→ **Activity**
From the line with "Υφαντουργείο - Νηματουργείο" through the line with "Premier Suite, Ocean View (Executive Floor)", repeat the entries verbatim, both end lines included, and add nothing.
[Available data Boundary: Start]
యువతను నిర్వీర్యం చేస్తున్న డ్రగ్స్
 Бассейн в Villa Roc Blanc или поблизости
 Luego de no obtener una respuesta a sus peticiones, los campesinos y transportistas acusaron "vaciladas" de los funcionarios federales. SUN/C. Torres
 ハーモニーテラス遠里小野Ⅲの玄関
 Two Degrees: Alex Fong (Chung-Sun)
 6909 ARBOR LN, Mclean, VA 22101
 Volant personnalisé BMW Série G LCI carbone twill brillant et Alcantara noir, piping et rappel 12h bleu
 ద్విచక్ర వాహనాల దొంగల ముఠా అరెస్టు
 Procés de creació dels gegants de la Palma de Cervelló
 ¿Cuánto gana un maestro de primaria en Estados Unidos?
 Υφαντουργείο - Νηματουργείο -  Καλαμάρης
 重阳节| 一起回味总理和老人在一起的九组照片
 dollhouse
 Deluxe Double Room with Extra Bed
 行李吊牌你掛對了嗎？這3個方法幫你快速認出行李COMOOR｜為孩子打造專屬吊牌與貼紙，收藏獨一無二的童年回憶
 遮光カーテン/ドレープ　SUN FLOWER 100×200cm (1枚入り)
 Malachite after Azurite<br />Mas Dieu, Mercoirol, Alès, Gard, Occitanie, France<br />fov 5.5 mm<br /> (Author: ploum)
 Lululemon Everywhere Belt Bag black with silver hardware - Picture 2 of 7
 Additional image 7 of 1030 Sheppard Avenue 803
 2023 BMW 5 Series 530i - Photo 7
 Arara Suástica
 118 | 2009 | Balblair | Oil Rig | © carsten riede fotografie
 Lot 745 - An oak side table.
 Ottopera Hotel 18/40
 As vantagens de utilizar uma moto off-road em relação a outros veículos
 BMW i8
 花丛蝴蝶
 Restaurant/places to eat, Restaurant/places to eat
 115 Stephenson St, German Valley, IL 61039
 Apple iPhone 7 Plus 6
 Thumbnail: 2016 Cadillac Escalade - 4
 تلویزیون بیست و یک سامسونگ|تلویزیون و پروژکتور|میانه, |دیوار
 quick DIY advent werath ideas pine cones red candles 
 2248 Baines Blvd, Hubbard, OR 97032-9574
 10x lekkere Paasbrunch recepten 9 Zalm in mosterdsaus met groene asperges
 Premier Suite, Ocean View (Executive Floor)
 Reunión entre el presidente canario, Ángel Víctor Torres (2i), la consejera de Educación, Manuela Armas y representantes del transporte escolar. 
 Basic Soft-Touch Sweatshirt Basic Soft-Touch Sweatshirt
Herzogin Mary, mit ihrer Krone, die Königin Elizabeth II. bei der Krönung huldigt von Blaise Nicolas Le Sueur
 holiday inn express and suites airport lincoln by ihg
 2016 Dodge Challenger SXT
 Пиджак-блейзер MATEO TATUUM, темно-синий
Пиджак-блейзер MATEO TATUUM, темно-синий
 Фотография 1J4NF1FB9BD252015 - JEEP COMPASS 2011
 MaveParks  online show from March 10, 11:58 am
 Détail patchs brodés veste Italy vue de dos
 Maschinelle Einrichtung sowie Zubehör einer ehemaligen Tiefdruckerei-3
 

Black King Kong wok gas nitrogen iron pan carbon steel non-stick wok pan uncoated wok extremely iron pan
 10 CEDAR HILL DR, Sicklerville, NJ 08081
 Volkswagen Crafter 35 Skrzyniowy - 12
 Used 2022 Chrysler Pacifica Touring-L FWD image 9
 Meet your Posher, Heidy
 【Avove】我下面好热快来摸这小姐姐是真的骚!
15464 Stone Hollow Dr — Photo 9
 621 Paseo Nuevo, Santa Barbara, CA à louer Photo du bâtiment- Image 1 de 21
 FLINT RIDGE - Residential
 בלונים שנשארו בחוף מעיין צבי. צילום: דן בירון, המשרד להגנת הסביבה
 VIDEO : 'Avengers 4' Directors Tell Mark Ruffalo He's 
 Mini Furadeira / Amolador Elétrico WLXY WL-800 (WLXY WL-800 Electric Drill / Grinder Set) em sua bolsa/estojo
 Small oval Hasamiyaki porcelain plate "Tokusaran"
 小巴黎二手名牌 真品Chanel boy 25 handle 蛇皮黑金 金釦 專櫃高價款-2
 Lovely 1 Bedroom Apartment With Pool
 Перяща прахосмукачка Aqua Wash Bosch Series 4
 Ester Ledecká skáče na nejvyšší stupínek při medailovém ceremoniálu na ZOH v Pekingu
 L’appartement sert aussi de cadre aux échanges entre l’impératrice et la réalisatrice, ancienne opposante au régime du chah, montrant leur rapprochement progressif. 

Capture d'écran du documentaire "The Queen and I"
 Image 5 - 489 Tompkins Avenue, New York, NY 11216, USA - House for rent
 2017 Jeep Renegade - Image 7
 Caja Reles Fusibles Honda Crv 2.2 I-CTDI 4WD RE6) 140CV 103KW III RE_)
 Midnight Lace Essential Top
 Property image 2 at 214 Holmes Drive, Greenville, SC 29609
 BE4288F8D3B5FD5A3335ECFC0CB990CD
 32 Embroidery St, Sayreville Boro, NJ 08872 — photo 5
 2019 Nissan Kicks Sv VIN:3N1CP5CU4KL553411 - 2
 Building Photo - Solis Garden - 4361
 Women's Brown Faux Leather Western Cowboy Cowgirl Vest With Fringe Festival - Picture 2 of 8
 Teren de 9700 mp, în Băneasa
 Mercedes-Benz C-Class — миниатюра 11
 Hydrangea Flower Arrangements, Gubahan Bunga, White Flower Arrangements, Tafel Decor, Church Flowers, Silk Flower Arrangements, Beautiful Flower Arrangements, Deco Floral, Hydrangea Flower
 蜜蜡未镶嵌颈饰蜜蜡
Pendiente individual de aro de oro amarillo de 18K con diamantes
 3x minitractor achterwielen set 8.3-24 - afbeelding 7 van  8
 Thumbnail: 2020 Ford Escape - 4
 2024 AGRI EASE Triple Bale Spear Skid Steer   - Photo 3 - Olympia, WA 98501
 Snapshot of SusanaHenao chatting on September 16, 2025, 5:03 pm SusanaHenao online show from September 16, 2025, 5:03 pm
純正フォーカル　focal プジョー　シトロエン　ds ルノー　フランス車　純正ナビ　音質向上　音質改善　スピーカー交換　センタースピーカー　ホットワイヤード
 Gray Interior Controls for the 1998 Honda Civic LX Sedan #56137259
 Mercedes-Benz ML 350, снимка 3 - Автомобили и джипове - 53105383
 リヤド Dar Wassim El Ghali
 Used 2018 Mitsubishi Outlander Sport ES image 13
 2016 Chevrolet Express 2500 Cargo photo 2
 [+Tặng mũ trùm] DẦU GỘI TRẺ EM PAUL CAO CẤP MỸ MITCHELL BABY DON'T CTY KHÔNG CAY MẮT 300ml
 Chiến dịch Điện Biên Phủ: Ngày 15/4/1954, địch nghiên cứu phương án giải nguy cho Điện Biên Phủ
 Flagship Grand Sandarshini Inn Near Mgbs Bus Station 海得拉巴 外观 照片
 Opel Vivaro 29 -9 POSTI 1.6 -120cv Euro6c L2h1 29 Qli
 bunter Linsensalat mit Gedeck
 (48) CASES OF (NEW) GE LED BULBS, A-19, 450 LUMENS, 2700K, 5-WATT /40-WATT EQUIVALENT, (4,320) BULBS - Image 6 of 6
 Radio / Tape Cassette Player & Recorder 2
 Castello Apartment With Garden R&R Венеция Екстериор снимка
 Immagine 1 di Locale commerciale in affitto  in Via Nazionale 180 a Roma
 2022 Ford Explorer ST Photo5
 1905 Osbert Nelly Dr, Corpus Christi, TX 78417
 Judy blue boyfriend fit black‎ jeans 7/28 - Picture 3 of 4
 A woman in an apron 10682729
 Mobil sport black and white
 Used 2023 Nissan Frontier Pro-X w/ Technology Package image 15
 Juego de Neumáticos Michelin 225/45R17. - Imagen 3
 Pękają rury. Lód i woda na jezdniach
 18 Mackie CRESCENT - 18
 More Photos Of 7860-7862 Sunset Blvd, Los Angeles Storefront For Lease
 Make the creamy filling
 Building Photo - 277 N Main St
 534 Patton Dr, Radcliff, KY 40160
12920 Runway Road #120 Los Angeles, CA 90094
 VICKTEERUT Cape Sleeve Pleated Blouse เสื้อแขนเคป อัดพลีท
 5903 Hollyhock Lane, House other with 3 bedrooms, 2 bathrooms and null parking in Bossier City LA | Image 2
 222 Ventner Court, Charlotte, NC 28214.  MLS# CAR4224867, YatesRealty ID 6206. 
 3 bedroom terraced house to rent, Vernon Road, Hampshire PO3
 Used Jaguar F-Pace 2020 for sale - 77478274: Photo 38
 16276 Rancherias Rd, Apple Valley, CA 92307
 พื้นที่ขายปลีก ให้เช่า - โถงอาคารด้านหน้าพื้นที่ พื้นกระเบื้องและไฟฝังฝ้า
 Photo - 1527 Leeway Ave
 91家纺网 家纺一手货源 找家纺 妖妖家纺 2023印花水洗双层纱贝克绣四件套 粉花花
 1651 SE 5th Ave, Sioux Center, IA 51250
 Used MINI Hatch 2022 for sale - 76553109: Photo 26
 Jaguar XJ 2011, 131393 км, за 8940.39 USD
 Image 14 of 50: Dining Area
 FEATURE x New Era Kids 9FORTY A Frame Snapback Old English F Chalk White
[Available data Boundary: End]
→ **Output for this task**
 Υφαντουργείο - Νηματουργείο -  Καλαμάρης
 重阳节| 一起回味总理和老人在一起的九组照片
 dollhouse
 Deluxe Double Room with Extra Bed
 行李吊牌你掛對了嗎？這3個方法幫你快速認出行李COMOOR｜為孩子打造專屬吊牌與貼紙，收藏獨一無二的童年回憶
 遮光カーテン/ドレープ　SUN FLOWER 100×200cm (1枚入り)
 Malachite after Azurite<br />Mas Dieu, Mercoirol, Alès, Gard, Occitanie, France<br />fov 5.5 mm<br /> (Author: ploum)
 Lululemon Everywhere Belt Bag black with silver hardware - Picture 2 of 7
 Additional image 7 of 1030 Sheppard Avenue 803
 2023 BMW 5 Series 530i - Photo 7
 Arara Suástica
 118 | 2009 | Balblair | Oil Rig | © carsten riede fotografie
 Lot 745 - An oak side table.
 Ottopera Hotel 18/40
 As vantagens de utilizar uma moto off-road em relação a outros veículos
 BMW i8
 花丛蝴蝶
 Restaurant/places to eat, Restaurant/places to eat
 115 Stephenson St, German Valley, IL 61039
 Apple iPhone 7 Plus 6
 Thumbnail: 2016 Cadillac Escalade - 4
 تلویزیون بیست و یک سامسونگ|تلویزیون و پروژکتور|میانه, |دیوار
 quick DIY advent werath ideas pine cones red candles 
 2248 Baines Blvd, Hubbard, OR 97032-9574
 10x lekkere Paasbrunch recepten 9 Zalm in mosterdsaus met groene asperges
 Premier Suite, Ocean View (Executive Floor)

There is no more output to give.